Jones spoke Monday afternoon as the recovery efforts continue, like in Smiths Station.
‘Now this happened’
White has lived in Smiths Station his whole life and continues to feel the support of his community as he pieces back his life for the second time in less than two years.
“My house caught on fire about a year and a half ago and it was a total loss,” he said looking over the damage. “I moved over here after my mama passed and now this right here happened.”
White was in his home during the tornado. He recalls hearing the tree fall on top of the house, leaving him unable to walk out the front door.
“I went out the back door and went around and all this ripped up with the tree trunk, the gas tank went over there, tore the front porch off and the carports,” White said looking at his home.
“But God is good. I’m just thankful that I’m here to be able to talk about it.”
‘It’s really unbelievable’
The damage extended past White’s home over toward an elementary school where earlier Monday, Smiths Station varsity football coach Mike Glisson found himself in awe of the damage.
“It’s a lot worse than I thought,” he said. “It’s really unbelievable when you see it first hand.”

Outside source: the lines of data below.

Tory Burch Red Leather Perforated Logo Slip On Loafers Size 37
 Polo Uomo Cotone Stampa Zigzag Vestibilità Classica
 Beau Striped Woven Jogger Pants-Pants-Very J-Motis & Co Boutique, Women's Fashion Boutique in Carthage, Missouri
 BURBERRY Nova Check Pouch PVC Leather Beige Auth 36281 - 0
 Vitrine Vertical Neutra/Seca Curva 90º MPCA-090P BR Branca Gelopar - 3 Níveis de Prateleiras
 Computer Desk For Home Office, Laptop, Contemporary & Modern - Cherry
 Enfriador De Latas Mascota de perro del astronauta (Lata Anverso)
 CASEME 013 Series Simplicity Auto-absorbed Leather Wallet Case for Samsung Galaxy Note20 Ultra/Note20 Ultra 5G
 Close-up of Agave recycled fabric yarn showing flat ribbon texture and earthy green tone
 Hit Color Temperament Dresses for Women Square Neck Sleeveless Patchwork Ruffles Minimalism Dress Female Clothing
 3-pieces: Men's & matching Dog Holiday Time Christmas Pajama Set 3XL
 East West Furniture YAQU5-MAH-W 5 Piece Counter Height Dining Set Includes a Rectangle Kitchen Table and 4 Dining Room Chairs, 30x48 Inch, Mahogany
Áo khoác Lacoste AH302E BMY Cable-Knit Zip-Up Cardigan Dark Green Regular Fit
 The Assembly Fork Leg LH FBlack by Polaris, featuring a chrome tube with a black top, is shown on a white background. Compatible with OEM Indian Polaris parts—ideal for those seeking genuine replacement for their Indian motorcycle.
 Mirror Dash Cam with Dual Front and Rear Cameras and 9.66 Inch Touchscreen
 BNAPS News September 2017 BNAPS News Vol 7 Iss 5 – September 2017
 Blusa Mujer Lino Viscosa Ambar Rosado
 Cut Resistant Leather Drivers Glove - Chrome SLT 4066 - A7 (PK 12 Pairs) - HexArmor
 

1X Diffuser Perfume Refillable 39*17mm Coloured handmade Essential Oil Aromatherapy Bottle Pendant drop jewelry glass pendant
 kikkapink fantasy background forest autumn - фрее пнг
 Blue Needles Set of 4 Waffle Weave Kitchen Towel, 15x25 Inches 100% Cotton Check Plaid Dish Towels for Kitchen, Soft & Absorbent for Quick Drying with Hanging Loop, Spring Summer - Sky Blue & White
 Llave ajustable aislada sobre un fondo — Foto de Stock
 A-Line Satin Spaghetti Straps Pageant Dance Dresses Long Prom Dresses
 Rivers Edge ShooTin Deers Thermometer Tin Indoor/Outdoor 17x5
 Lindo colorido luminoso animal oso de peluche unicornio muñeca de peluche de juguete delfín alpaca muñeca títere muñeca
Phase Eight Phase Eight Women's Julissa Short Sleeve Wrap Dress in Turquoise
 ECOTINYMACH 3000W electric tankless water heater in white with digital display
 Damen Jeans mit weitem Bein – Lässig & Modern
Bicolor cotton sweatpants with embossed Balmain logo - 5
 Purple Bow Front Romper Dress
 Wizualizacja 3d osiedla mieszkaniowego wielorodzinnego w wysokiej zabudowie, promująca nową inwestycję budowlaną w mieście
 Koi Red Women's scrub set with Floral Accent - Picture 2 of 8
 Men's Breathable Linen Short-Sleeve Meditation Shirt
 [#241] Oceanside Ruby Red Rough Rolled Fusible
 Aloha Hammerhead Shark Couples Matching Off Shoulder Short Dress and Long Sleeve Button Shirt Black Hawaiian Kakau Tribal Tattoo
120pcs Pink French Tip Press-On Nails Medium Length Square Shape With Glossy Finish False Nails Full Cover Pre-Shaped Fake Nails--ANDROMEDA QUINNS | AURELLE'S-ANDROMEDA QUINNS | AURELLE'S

Despite the significant damage, Smiths Station had no casualties. However, the death count sits at 23 in Lee County and could still rise, according to officials.
Glisson was one of several volunteers looking over what used to be a playground of West Smiths Station Elementary.
What they saw on Monday morning was sliding boards twisted around poles and basketball hoops ripped from the ground bent diagonally, as they started to pick up the pieces.
As Glisson spoke, Michael Perkinson from Spire, a gas company from Phenix City, moved debris near the playground in a backhoe, volunteering his time.
“Lee County’s Smith Station and Beauregard area are really proud communities with a lot of people who care about each other and they want to help each other,” Glisson said as he helped clean up. “There’s people everywhere in these communities that need help.”
Need it more than ever
Across the schoolyard, a mother and her children could be seen walking down a road full of devastation trying to help provide relief in any form they could.
“My kids and I decided that we would go gather up a few things and help this community,” said Ashley Clark, a 2009 Smiths Station High School graduate.
Clark and her four children wandered the street across from the elementary school that Clark knew well with arms full of water bottles.
“It’s devastating to see that these are roads that I’ve traveled many, many years,” she said as her voice began to shake. “This was my old primary school and it’s just devastating to see a community just this ruined by such tragedy.”
Clark said she feels that she is not the only one looking to help community members, and that those who were affected by the storm need all the help they can get.
“I just feel as though if anyone can get out and help, do so,” Clark said. “These families need it now more than ever.”